La crisi, che ancora attende i consumatori, sarà significativa, ma anche l’occasione per fare quello che, altrimenti, non sarebbe stato possibile. Un esempio di cronaca economica ci aiuta a capire. La Fiat annuncia la firma di un protocollo che potrebbe portare all’acquisizione del 35% di Chrysler, con opzione per salire fino alla maggioranza. La Borsa ha festeggiato per poche ore, poi ha scelto la diffidenza, mentre sui giornali il giubilo continua. Ma non è questo il punto. Se Fiat si espanderà all’estero sarà una buona cosa, ma è anche vero che negli Usa Chrysler conta già su quattro miliardi di dollari di aiuti pubblici, ed Obama ne promette altri a patto che si producano nuovi modelli. Che sarebbe il succo dell’accordo con gli italiani. La posta, quindi, sono i soldi pubblici. Fiat, del resto, ne riceve in Italia sotto forma di cassa integrazione, con cui si finanzia la necessità di alleggerire i costi del personale.

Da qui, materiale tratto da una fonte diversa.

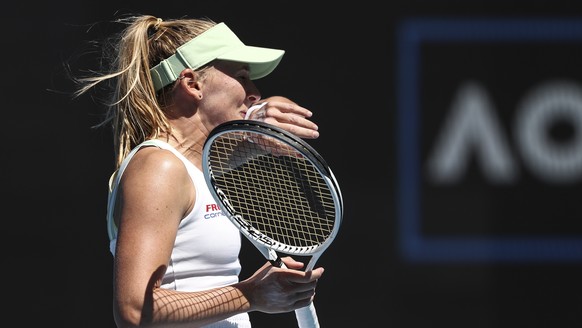 epa09694130 Jil Teichmann of Switzerland in action during her second round match against Victoria Azarenka of Belarus at the Australian Open Grand Slam tennis tournament in Melbourne, Australia, 19 Ja ...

Mi pare, insomma, ci sia più di un motivo per riflettere sull’effetto distorcente dei soldi statali, con il di più che chi faticherebbe in Italia, se non ci fossero, grazie a quelli si mette nella migliore condizione per incassarne anche altri, all’estero. Quegli aiuti, insomma, sono indirizzati ai lavoratori, ma sostengono le aziende. Dato che contengono un’ingiustizia, perché non riguardano tutti i lavoratori, destiniamoli ai disoccupati, al tempo stesso aiutandoli a trovare altro lavoro e, quindi, favorendo l’allocazione di manodopera e competenze laddove sono più produttive, senza parcheggi d’attesa. Si dirà: ma così si danneggiano le aziende. E’ vero il contrario: si favoriscono quelle che hanno una maggiore e meno dipendente speranza di futuro. Questo è il compito della politica, per far ripartire l’Italia.